| TASK |
In the records below, take the line with "沈阳流浪布偶猫绝育（沈阳流浪布偶猫绝育医院）" and all lines after it, and copy them exactly, pictures excluded.

* * * * * * * * *

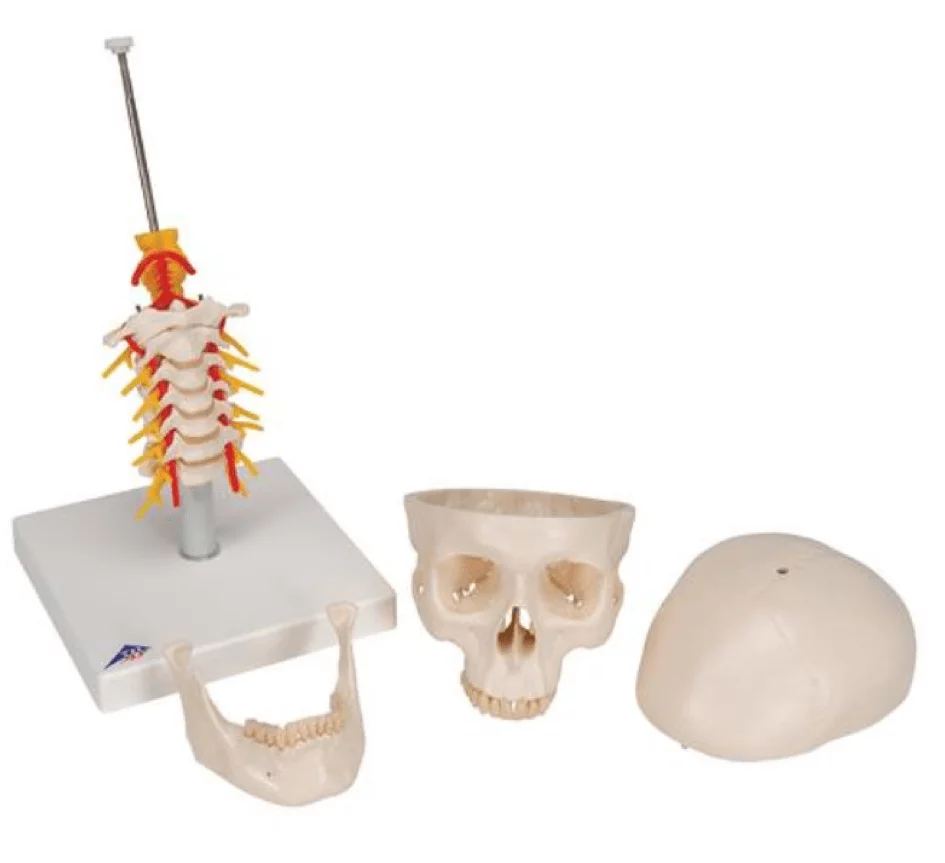  Classic skull with base
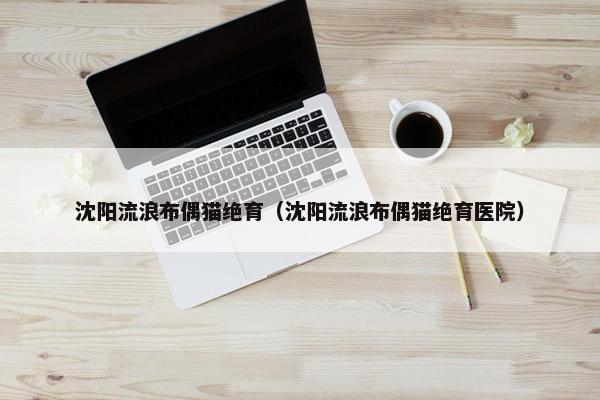 沈阳流浪布偶猫绝育（沈阳流浪布偶猫绝育医院）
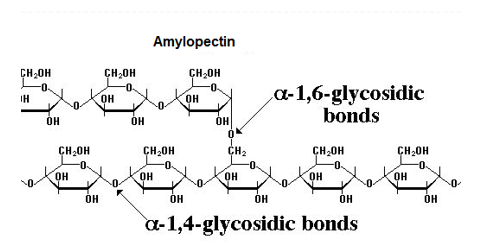 <ul><li><p>Made up of a branched chain of alpha molecules</p></li><li><p>Branches occur due to having 1-6 glycosidic bonds alongside 1-4 bonds.</p></li></ul><p></p>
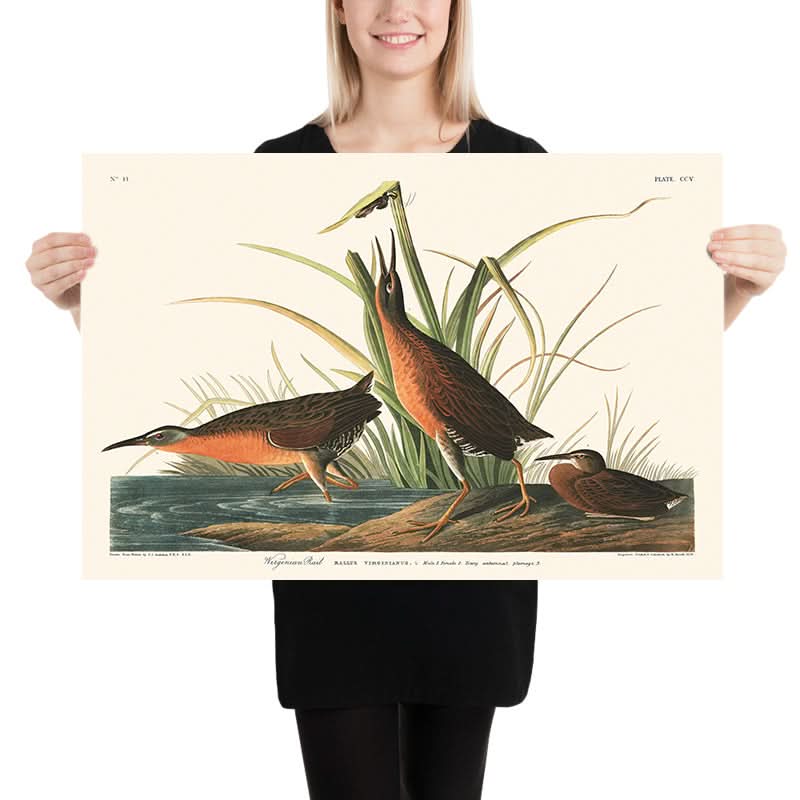 Virginia Rail di John James Audubon, 1827 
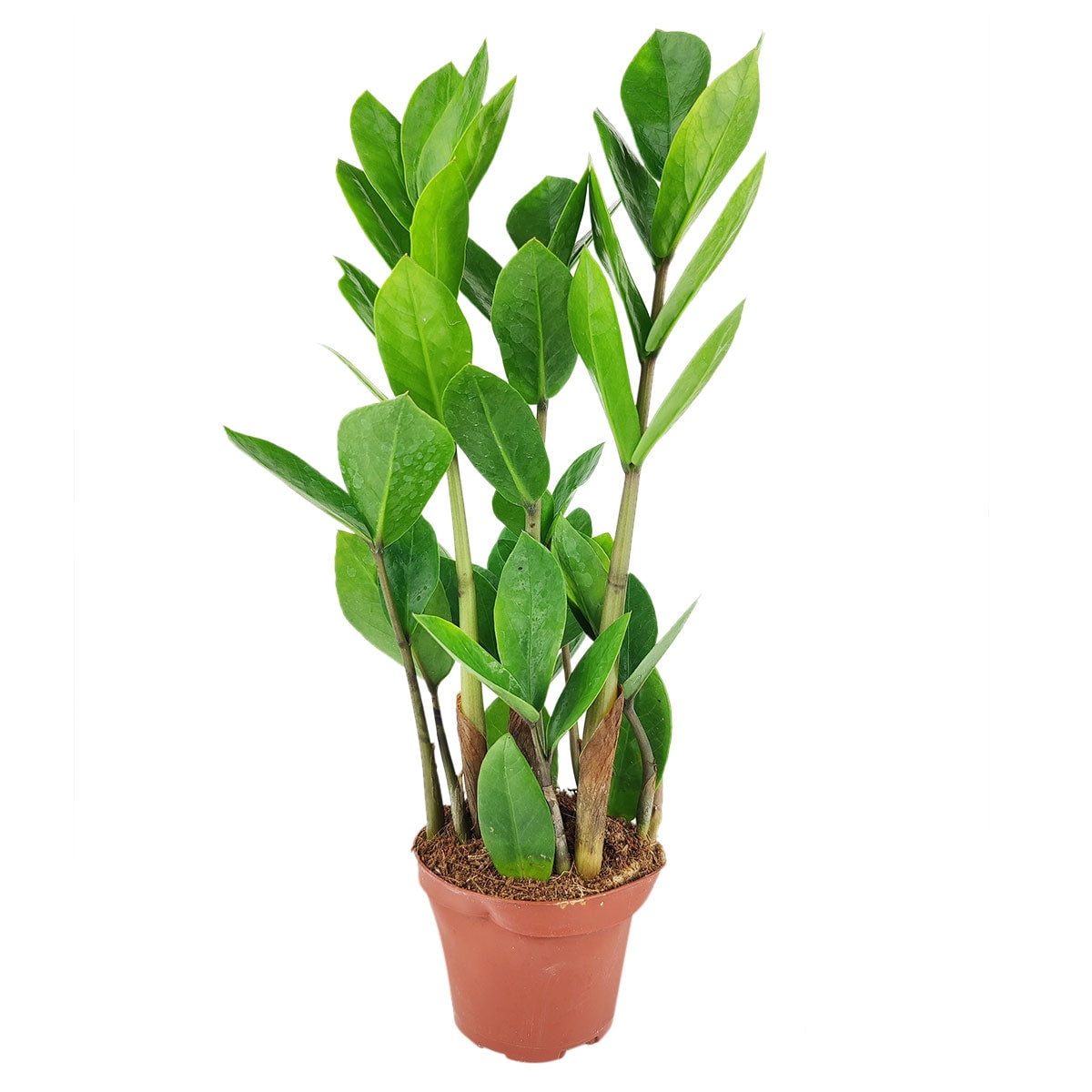 ZZ Plant Zamioculcas Zamiifolia (6" + Plastic Pot) Air Purifying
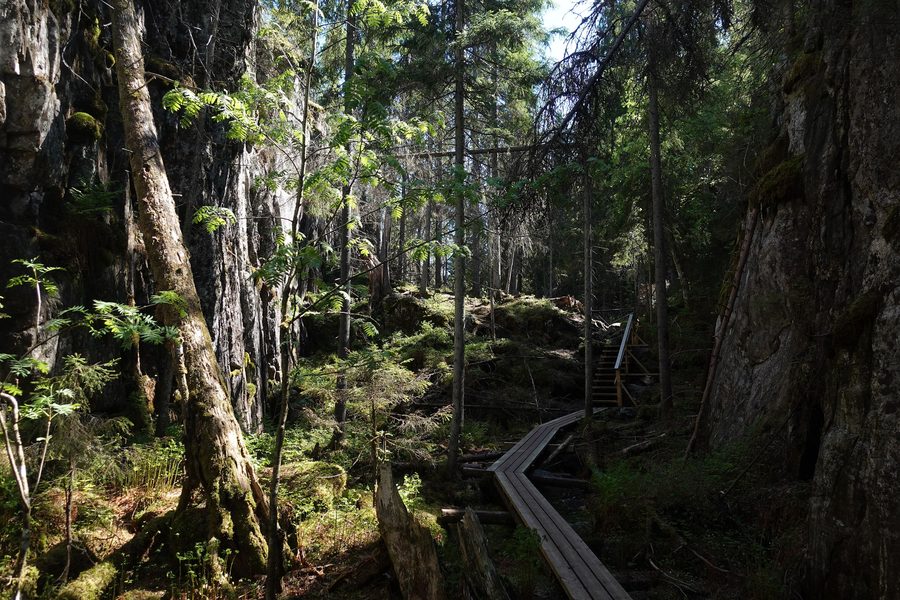 Gorge d’Orinoro près de Leppävirta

* * * * * * * * *

| SOLVED PROBLEM |
 沈阳流浪布偶猫绝育（沈阳流浪布偶猫绝育医院）
 <ul><li><p>Made up of a branched chain of alpha molecules</p></li><li><p>Branches occur due to having 1-6 glycosidic bonds alongside 1-4 bonds.</p></li></ul><p></p>
 Virginia Rail di John James Audubon, 1827 
 ZZ Plant Zamioculcas Zamiifolia (6" + Plastic Pot) Air Purifying
 Gorge d’Orinoro près de Leppävirta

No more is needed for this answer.